Labeling

General

Data annotation for automotive radar point clouds is an extremely tedious task. It requires human experts with a lot of experience to accurately identify all radar points which correspond to the objects of interest.

In this data set, only moving objects were annotated. That is, the static environment (trees, poles, curbstones, houses, …) is ignored and also potentially moving objects (parked cars, standing pedestrians) are not annotated.

To ensure high quality annotations, only manually labeled data created by human experts is used.

The 11 Object Classes

Eleven different object classes are labeled: car, large vehicle, truck, bus, train, bicycle, motorized two-wheeler, pedestrian, pedestrian group, animal, and other. The pedestrian group label is assigned where no certain separation of individual pedestrians can be made. The other class consists of various other road users that do not fit well in any of these categories, e.g., skaters or moving pushcarts. In addition to the eleven object classes, a static label is assigned to all remaining points.

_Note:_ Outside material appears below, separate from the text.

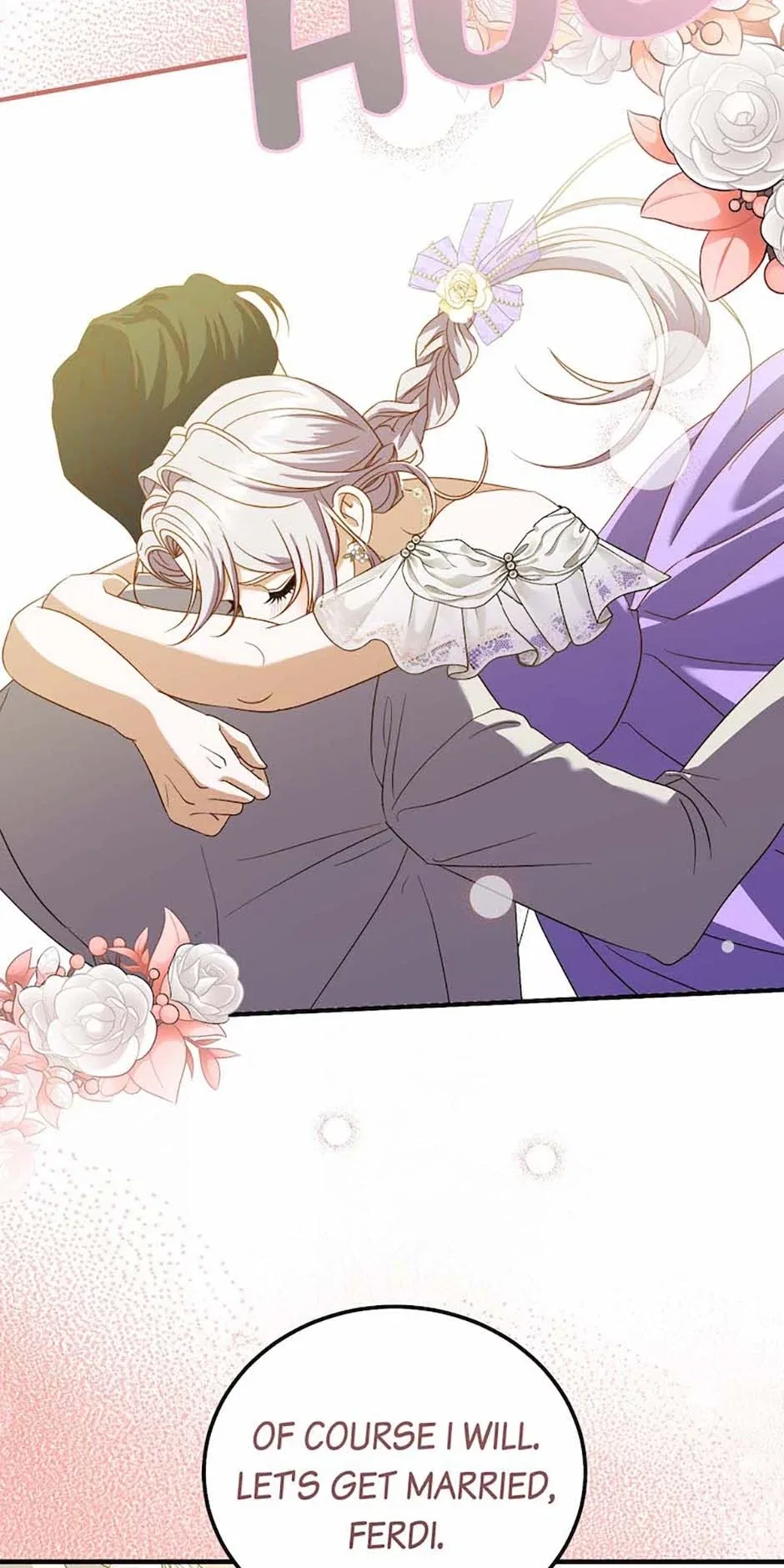 My Doting Husband Love Chapter 54 – Page 56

All labels were chosen in a way to minimize disagreements between different experts’ assessment, e.g., a large pickup van may have been characterized as car or truck if no large vehicle label had been present.

The 5 Simplified Classes

In addition to the regular 11 classes, a mapping function is provided along with the data set tools which project the majority of classes to a more coarse variant containing only: car, large vehicle, two-wheeler, pedestrian, and pedestrian group. This alternative class definition can be utilized for tasks, where a more balanced label distribution is required - for example during the training of a neural network. For this mapping, the animal and the other class are not reassigned. Instead they may be used, e.g., for a hidden class detection task.

The Labeling Process

Two labels are assigned to each individual detection of a dynamic object: a label id and a track id.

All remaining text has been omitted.